Search code examples
xmlperlxpathends-with

How to access a tag in xml that ends with specific text using ends-with


I have an example xml

<?xml version="1.0" ?>
<Details date="2022-02-09" ver="1">
<VerNum>/14</VerNum>
<Info>
 <model>S22</model>
 <branch name="city_1">
  <prevstock>10000</prevstock>
  <def>1</def>
 </branch>
 <branch name="city_2">
  <presstock>2000</presstock>
  <def>2</def>
 </branch>
 <branch name="city_3">
  <futstock>3000</futstock>
  <def>0.3</def>
 </branch>
</Info>
</Details>

I need to access the stock, tag name is not always consistent and I can't depend on position of node too, I do not understand the correct usage of XPath / ends-with function.

use warnings;
use strict;
use feature 'say';
use Data::Dumper;
use XML::LibXML;

my $file = "ex.xml";#// die "Usage: $0 filename\n";
my $parser = XML::LibXML->load_xml(location => $file);
my %branch_stock;
foreach my $sec ($parser->findnodes('/Details/Info')) { 
    for my $branch ($sec->findnodes('./branch')) {
        my $branch_name = $branch->getAttribute('name');
        my $stock_value = $branch->findnodes('*[ends-with(name(),"stock")]')->[0]->textContent;

        #say "$branch_name --> $stock_value";

        $branch_stock{$branch_name} = $stock_value;
    }   
}

say Dumper \%branch_stock;

This gives me error,

 error : xmlXPathCompOpEval: function ends-with not found
XPath error : Unregistered function
XPath error : Stack usage errror
 error : xmlXPathCompiledEval: 2 objects left on the stack.

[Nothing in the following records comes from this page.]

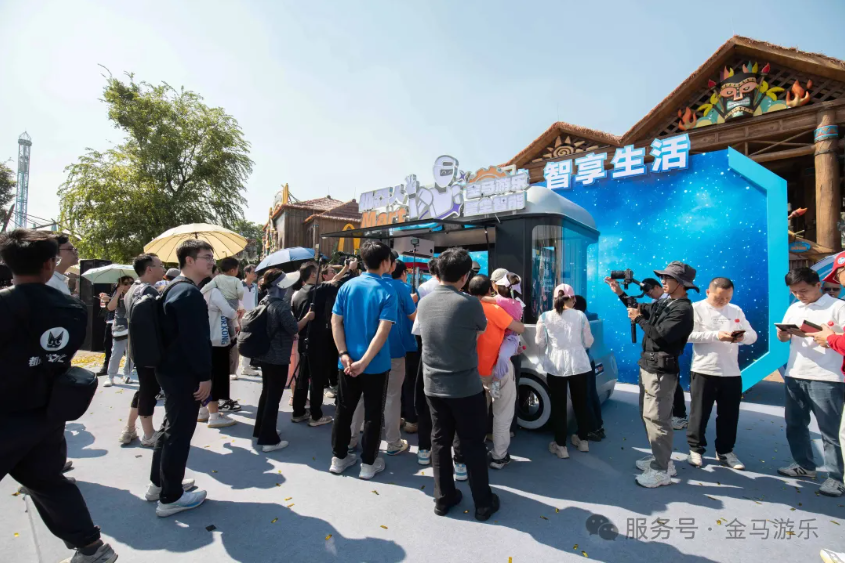 ��ҳ | 304am�����������޹�˾����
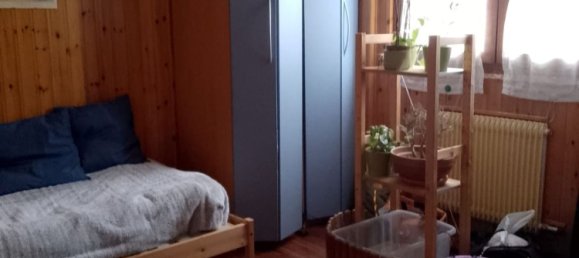 Квартира с 4 комнатами в Ассаго, Италия № 250849 9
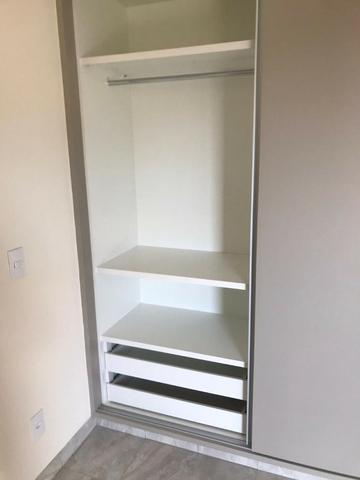 Apartamento Novo - Foto 6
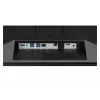 Komputer All-in-One LG 24CQ651W-BP Intel Pentium N6005 8GB RAM 256GB SSD Intel UHD Graphics Windows 10 IoT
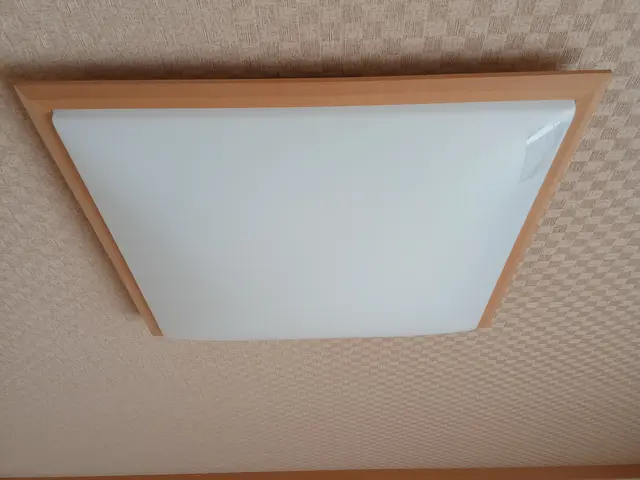 プロの技術でご満足いただけるように心を込めて作業いたしますサービスの画像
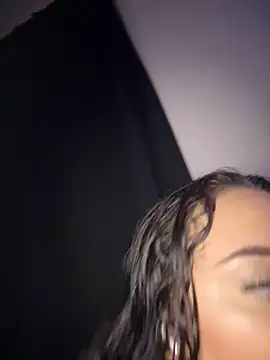 CarmelaAnthony online show from 09.21.25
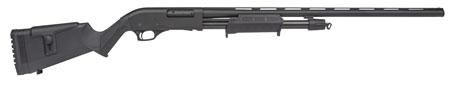 ARMSCOR ALL GENERATIONS 12 GAUGE PA12H28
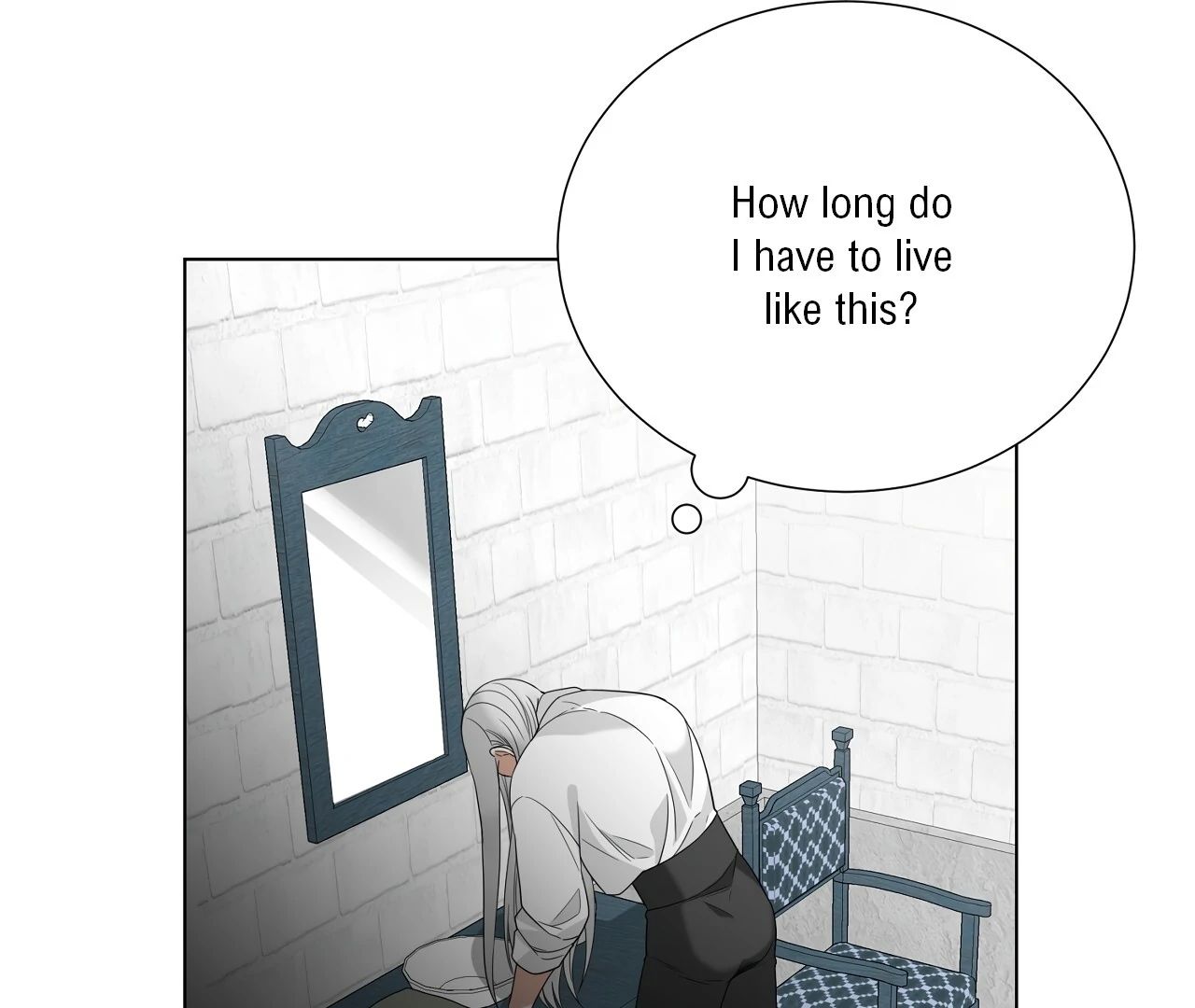 Scent Spark Chapter 27 page 79 - 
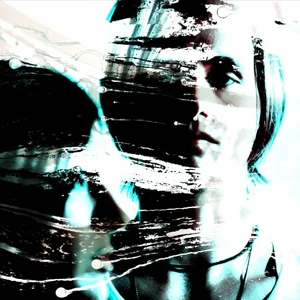 Dead_Leaf_Echo_300.jpg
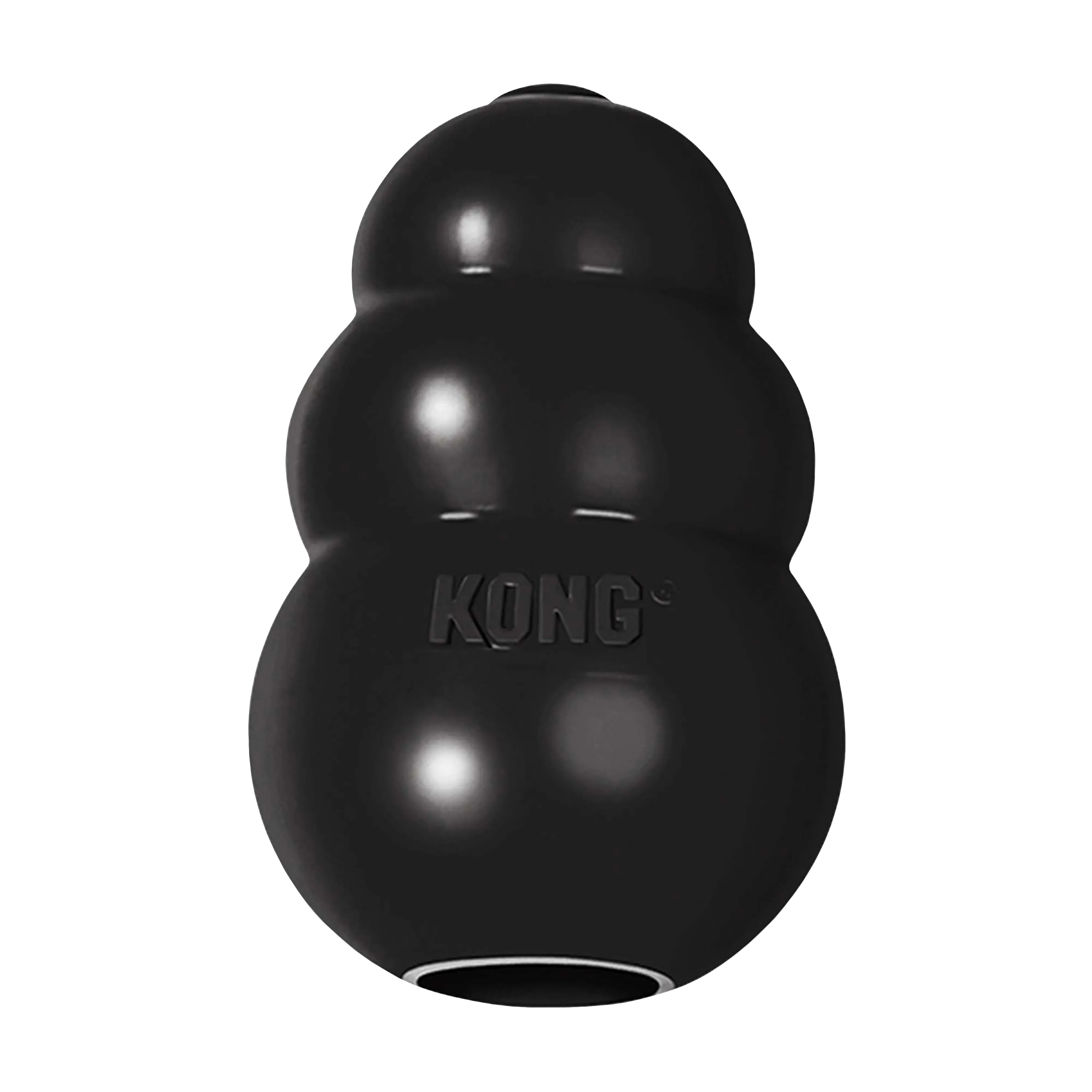 KONG Extreme Black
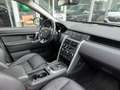 Land Rover Discovery Sport DISCOVERY SPORT HSE/PANORAMA/XENON/KAMERA/2.HAND Gris - thumbnail 13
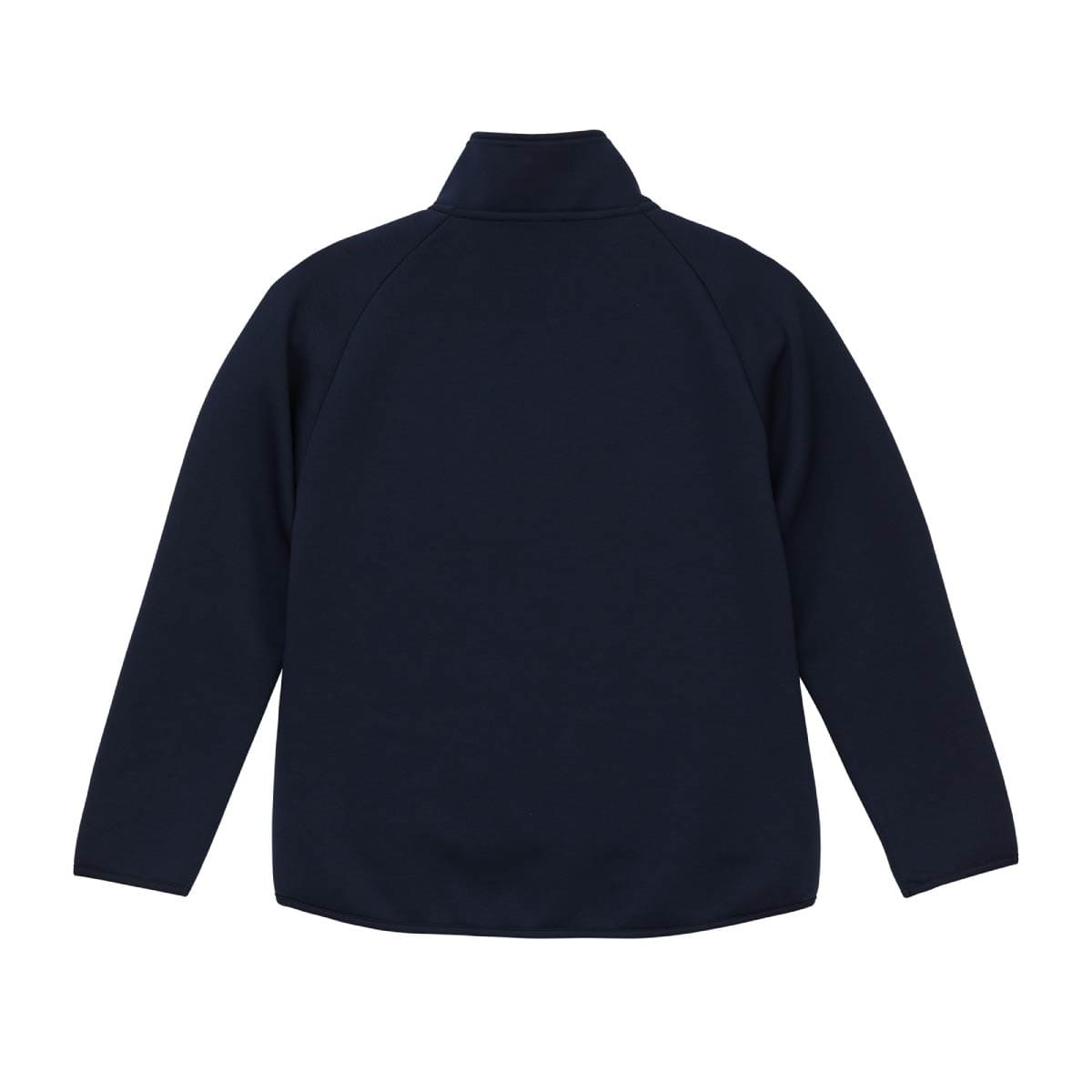 CORNER PRINTING | United Athle ユナイテッドアスレ 9.4 oz T/R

Could anyone please help understand the problem and help overcome please ? Thanks a lot in advance.


Solution

  • That nice ends-with(), along with many other features, is in XPath2 (and later). In XML::LibXML we are limited to XPath 1.0, as the underlying libxml2 is.

    One workable function for querying by partial text is contains

    use warnings;
    use strict;
    use feature 'say';
    
    use Data::Dumper;
    use XML::LibXML;
    
    my $file = shift // die "Usage: $0 file\n";
    
    my $parser = XML::LibXML->load_xml(location => $file);
    
    my %branch_stock;
    for my $sec ($parser->findnodes('/Details/Info')) { 
        for my $branch ($sec->findnodes('./branch')) {
            my $branch_name = $branch->getAttribute('name');
    
            for my $stock ($branch->findnodes('*[contains(name(),"stock")]')) {
                say "$branch_name --> $stock";
                $branch_stock{$branch_name} = $stock->textContent;
    
                # No "ends-with" in XPath1, what we have here
                # $branch->findnodes('*[ends-with(name(),"stock")]')
            }
        }   
    }
    print Dumper \%branch_stock;
    

    This prints

    city_1 --> <prevstock>10000</prevstock>
    city_2 --> <presstock>2000</presstock>
    city_3 --> <futstock>3000</futstock>
    $VAR1 = {
              'city_3' => '3000',
              'city_1' => '10000',
              'city_2' => '2000'
            };
    

    A word on sources and documentation, which I find not so easy for XPath.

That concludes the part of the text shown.